Yes. Well, I think it's a very good question. And a couple of thoughts I would share with you is, 1, remember our long term investment program is really founded on our long term constructive view of energy demand. And we are really trying for us to compete and win, simply put, is that we have got to be the lowest cost of supply producer out there. And that's really the mindset that we use as we set up these long cycle investments, okay.
So a large part of our investment program that we shared with you all in March, the Analyst Meeting, after the end of the decade is really is long cycle investments. Now, of course, we've got short cycle component and it represents, let's just say round numbers about a third of our total upstream spend. And we will look at that, particularly in a near term price, a low price environment. We'll look at that to make sure that it makes good sense because one of the things you want to do in the short cycle program, particularly in things like Permian or the Bakken is you want to maintain a certain level of activity to continue to grow that learning curve. You don't ever want to drop back on that learning curve.
On the same hand, you don't want to over invest. Last thing we want to do is over capitalize in unconventional business. So we'll keep a level commensurate with that learning curve benefit and you saw that over 2015, 2016 as we dropped rigs, we stayed pretty high in our activity level. So those are kind of some of the trade offs we've got. I'd summarize by saying that we've got flexibility.
We have always built in flexibility and we tried to share some of that at the Analyst Meeting with respect to our capital program. But again, I'll just emphasize that the long cycle program is really based on our constructive view of supply and demand.
Thanks, Jeff.
You're welcome.
And this does conclude our question and answer session. I'd like to turn the conference back to Mr. Woodbury for any additional or closing comments.

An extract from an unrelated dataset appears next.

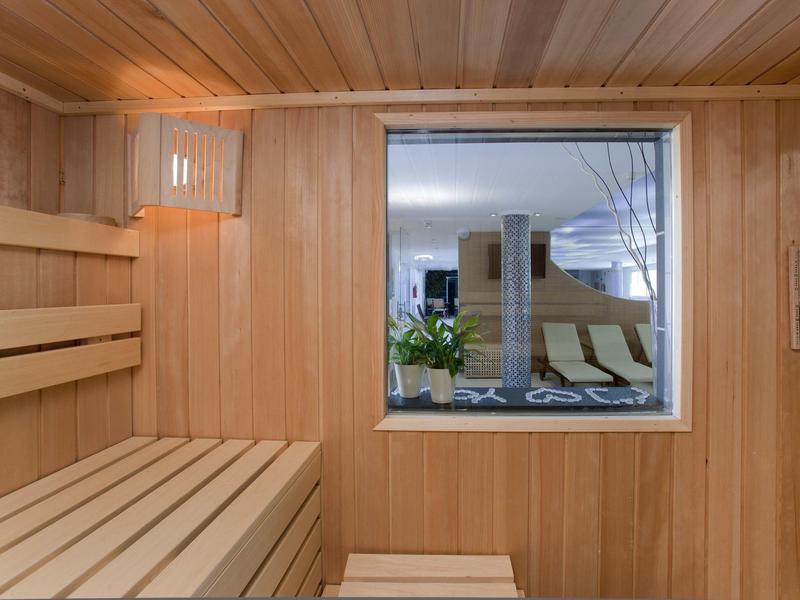 Sauna mit hölzernen Sitzbänken, Wandlampen und Fenster mit Blick in einen Raum mit Pflanzen.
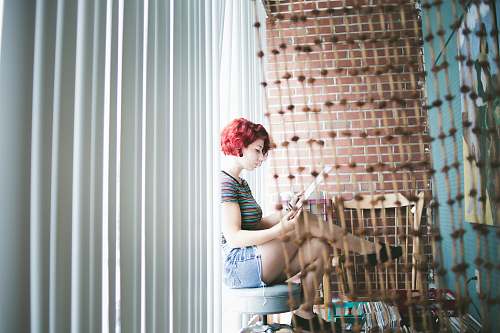 chesterton woman sitting on gray floor united states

Well, to conclude, I just thank everybody once again for your time. I mean, very thoughtful questions this morning. A really good exchange of some of the key fundamental elements that drives our value proposition. I do appreciate the preparation. And importantly, we really do appreciate the trust that our investors place in ExxonMobil.
So we'll close here and look forward to our future discussions. Thank you.
And with that ladies and gentlemen, that does conclude today's call. We'd like to thank you again for your participation. You may now disconnect.